Each of figures 1, 3, 5 and 7 show a rubber gasket connected to a pipe-connecting member used to produce a joint.

The gasket is moulded and vulcanized in one piece from an ethylene-propylenediene-methylene mixture, with sulphur or a substance producing sulphur such as a mercaptan. The member to which this gasket is fixed is moulded from polypropylene.
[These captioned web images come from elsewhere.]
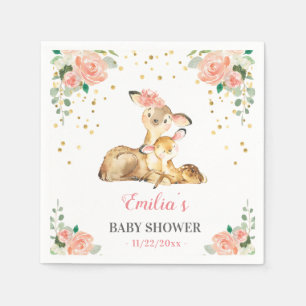 Serviette En Papier Oh Cerf Maman Bébé Floral Fille Douche Sprinkle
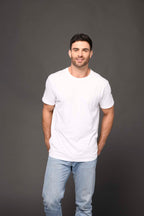 Milltex Sportswear 900, Unisex Cotton T-shirt | Lightweight Soft Crew Neck Plain Tee, White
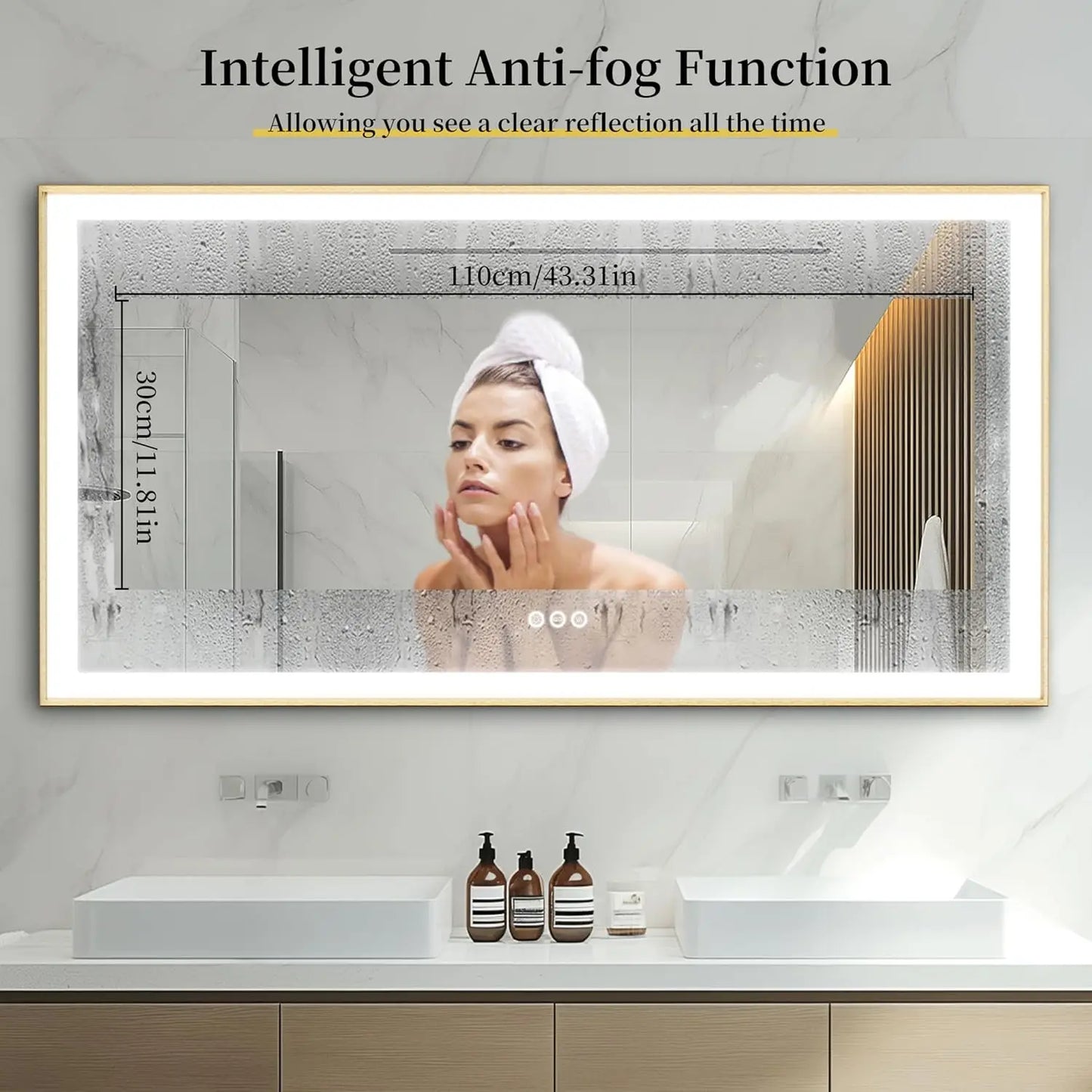 Large LED Bathroom Mirror Rectangular Wall Vanity Mirror with Colour Illuminated Dimmable Antifog Golden Frame IP56 Rated 1400mm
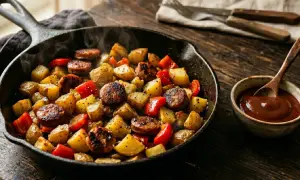 Heiß dampfende Bratwurst Kartoffel Pfanne mit Paprika, serviert in einer Gusseisenpfanne mit einer Schale Dip.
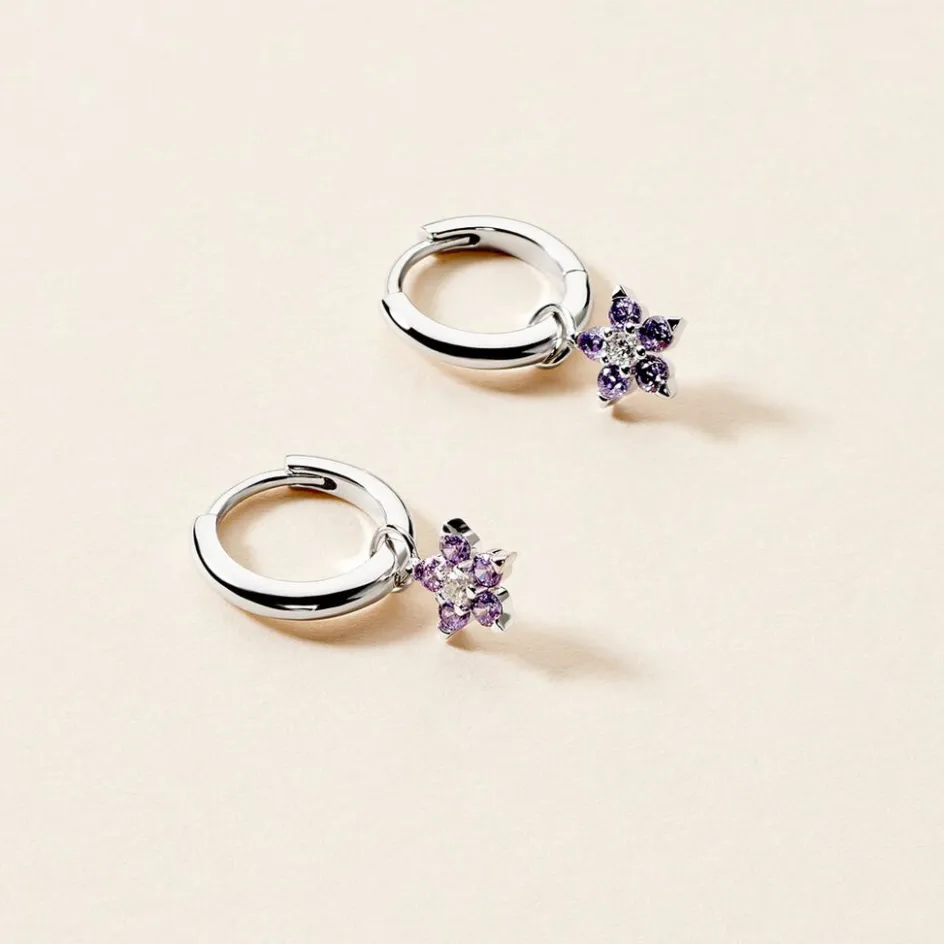 Best Histoire d'Or Créoles Purple Bloom Argent Blanc Oxyde De Zirconium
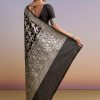 Black Silk Handwoven Banarasi Saree With Floral Zari Jaal Work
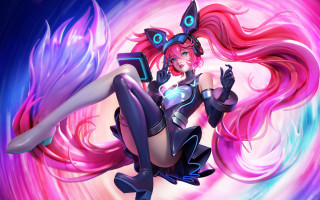 Pink hair butterfly sword fox - her shoulder free wallpaper for desktop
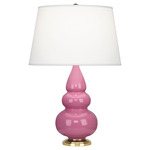 Triple Gourd Small Table Lamp - Schiaparelli Pink / Pearl Dupioni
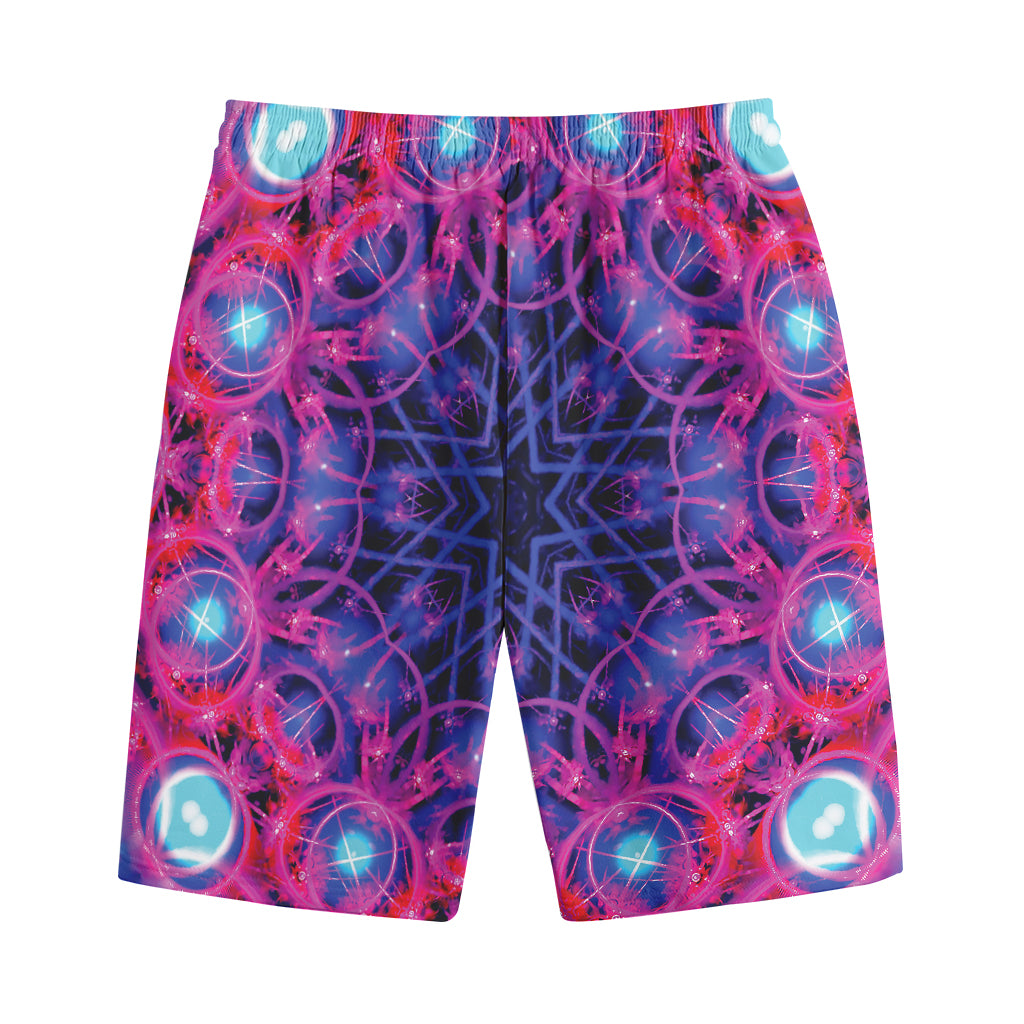 Purple And Blue Light Mandala Print Cotton Shorts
In figures 1, this polypropylene member is a ring B having an L-shaped section. This ring comprises a cylindrical skirt 2 and an inner radial flange 3. The skirt 2 is intended to cover, over a part of its length, the flared end 4 of a pipe and to be retained therein by the clipping or engagement of an inner semi-annular continuous or non-continuous bead 5 in a corresponding groove 6 in the outer wall of the flared end 4. The ring B and flared end 4 together form a socket of the device. To facilitate positioning of the ring B, an inner chamfer 7 is provided at the end of the skirt 2 remote from the flange 3.

The flared end 4 may in particular terminate a pipe or sleeve for connecting pipes and when in operation it receives the male end 8 of a second pipe.

The flange 3 is defined by two plane radial surfaces, one outer surface 9 and another inner surface 10. The gasket G is fixed to the latter surface under the conditions described hereafter. The flange 3 is defined internally, internally meaning radially inwardly, by a conical surface 11 which assists guidance of the smooth end at the time of its introduction into the socket. The nose 12 located at the corner of the inner conical surface 11 and of the radial plane surface 10 of the flange 3 has an inner diameter slightly greater than the outer diameter d of the male end, in order to contribute to centering the latter in the flared end 4 for the purpose of ensuring correct operation of the joint over its entire periphery.

The gasket G essentially comprises three parts, which are respectively a heel portion 13, an intermediate part 14 and an active part 15.

The heel portion 13 is the part of the gasket G by which the latter is connected to the radial surface 10 of the ring B. This heel portion is radial and has a constant depth.

The outer cylindrical surface 16 which limits the latter radially has a diameter slightly less than the inner diameter of the skirt 2. The depth of the heel portion 13 is just sufficient, taking into account the characteristics of tensile strength of the rubber constituting the gasket G, to withstand tearing in the region of the connection between this heel portion and the part 14 described hereafter.

Furthermore, this depth is such that, when the ring B is engaged on the flared part 4, the heel portion 13 is not clamped between the side 10 and the end face of the flared part 4.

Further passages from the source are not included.